La ironía tiene filo cuando nace de la lucidez. Voltaire lo sabía. En Cándido (1759), lanzó una pregunta que aún nos incomoda: “¿Este es el mejor de los mundos posibles?”. No lo preguntaba con ingenuidad, sino como denuncia. Lo hacía ante guerras absurdas, ante terremotos que destruían sin sentido y ante sistemas sociales que legitimaban la miseria con justificaciones irracionales. Su blanco era el optimismo ciego de Leibniz, quien veía en todo mal una parte de un bien mayor. Hoy, casi tres siglos después, seguimos repitiendo versiones más sutiles de esa creencia.

En Guatemala se multiplican las promesas de progreso por medio de la digitalización, acceso a la educación, lucha contra la pobreza, entre otros. Sin embargo, cada vez que se ahonda en las instituciones, se evidencia un orden frágil, capturado, e incapaz de responder con solvencia a sus ciudadanos. La reciente crisis en el sistema de justicia —con una Corte de Constitucionalidad rodeada de tensiones políticas y una Fiscalía General que pierde legitimidad frente a la opinión pública— no es una anécdota más, sino un síntoma estructural. En lugar de corregir el rumbo, se justifica la parálisis con discursos de estabilidad o soberanía. Como si reconocer el desastre fuera peor que vivirlo.

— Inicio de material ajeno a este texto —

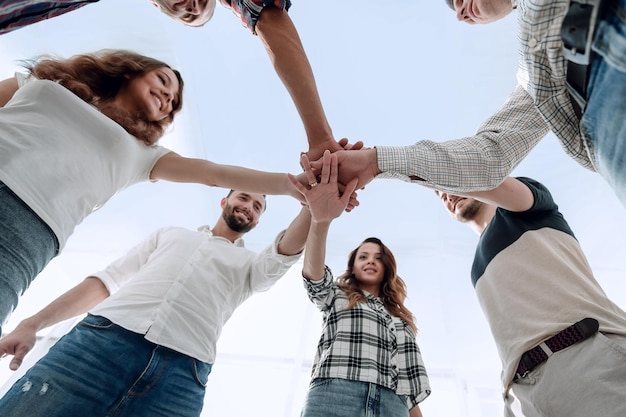 Young people with hands clasped together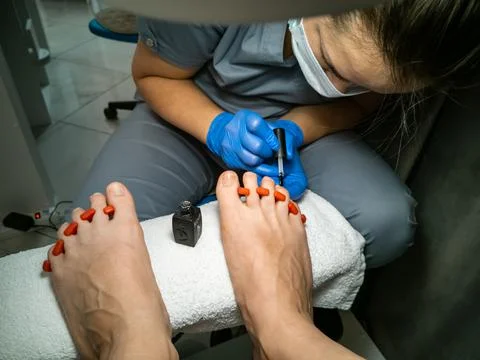 Gloved master makes a pedicure for a client. close-up no face. woman in a nail Stock Photos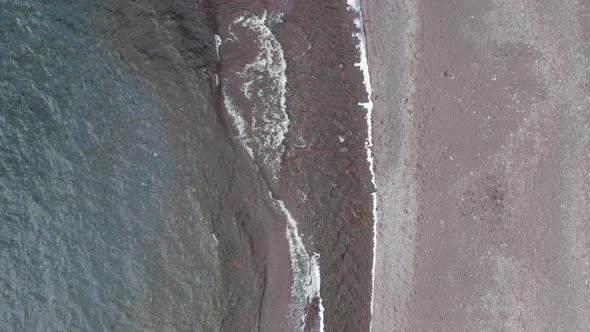 aerial drone view looking down on grey beach with waves of lake superior lapping on shoreline gettin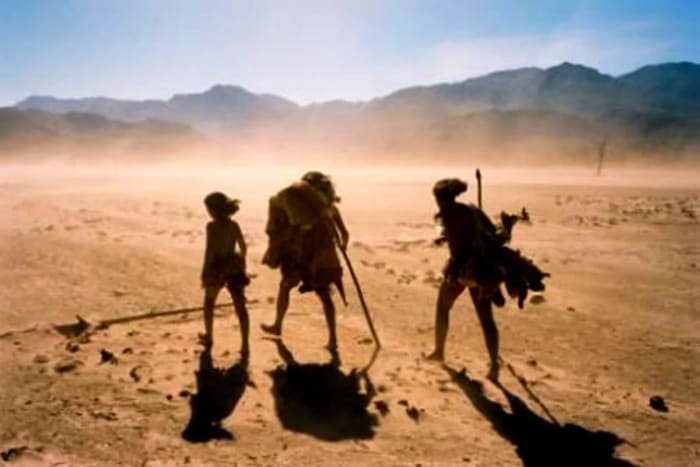 Humanos prehistóricos caminando a través de un paisaje desértico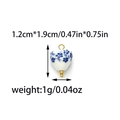 Blue floral ceramic heart pendant charm with gold metal loop and size measurements - Ceramic / Blue and White Porcelain Heart
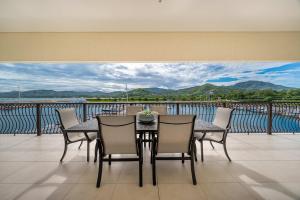 a table and chairs on a balcony with a view of the water at Luxury Marina Suite 2BR in Playa Flamingo
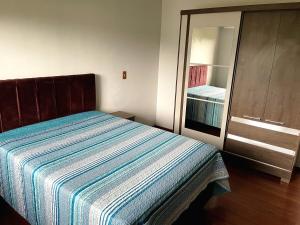 a bedroom with a bed and a closet with a mirror at Apartamento Amplo com 2 Suítes in Novo Hamburgo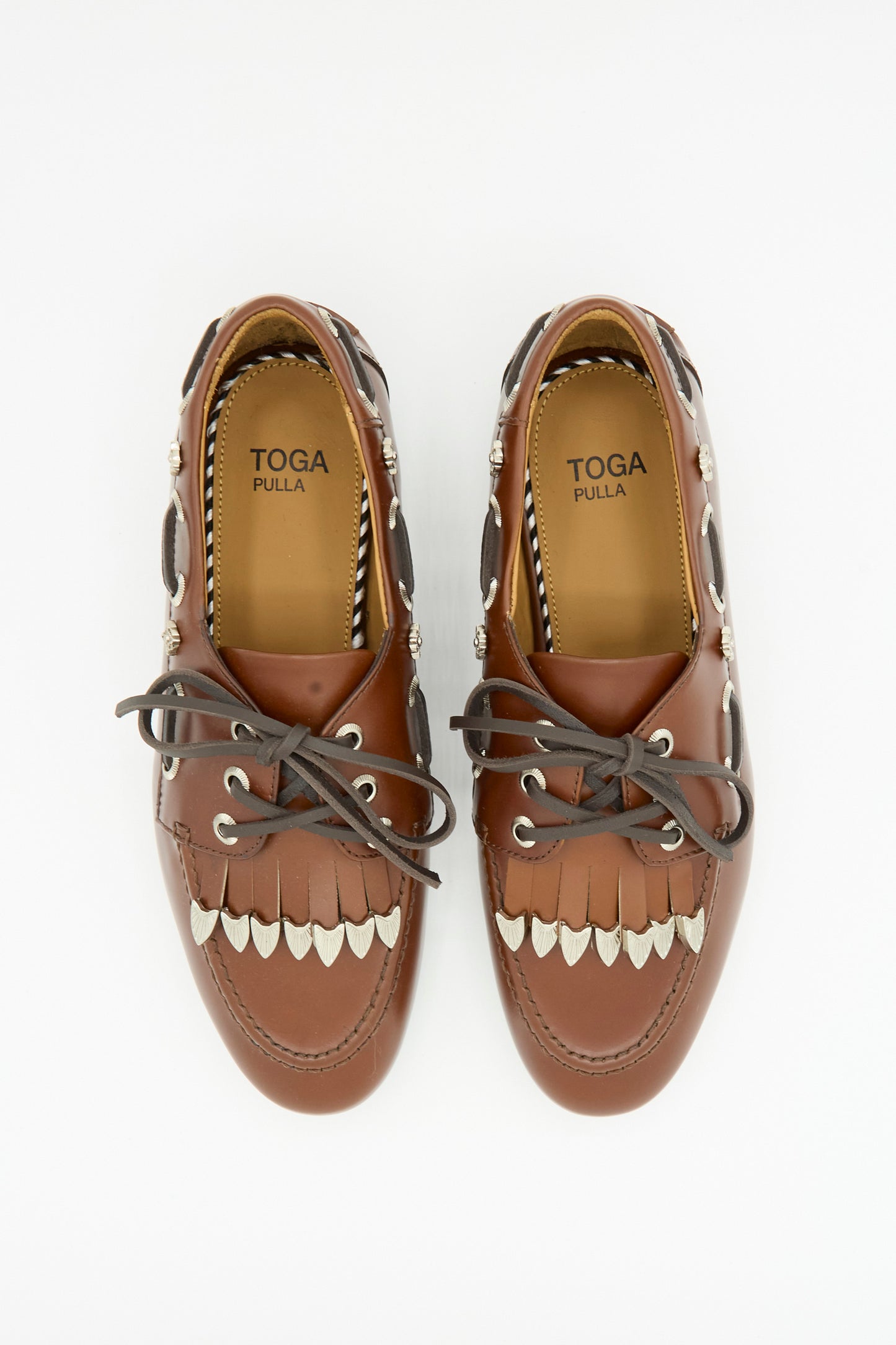 Pair of brown Leather Flat in Brown by TOGA ARCHIVES featuring decorative silver accents, fringe detail, and a classic lace-up design, photographed from above on a white background.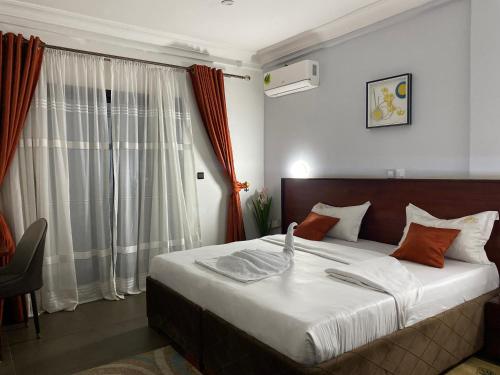 Una cama o camas en una habitación de Appart meuble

Lo más preocupante no es el colapso institucional, sino la resignación. Se nos enseña a tolerar lo intolerable bajo la consigna del realismo político. Que la corrupción es parte del sistema. Que el clientelismo es inevitable. Que denunciar es ingenuo. Que no se puede hacer más. Es en este punto donde la pregunta de Voltaire resurge con fuerza. ¿De verdad debemos aceptar que esto —este modelo, esta democracia simulada, esta educación desvinculada de la realidad— es lo mejor que podemos alcanzar?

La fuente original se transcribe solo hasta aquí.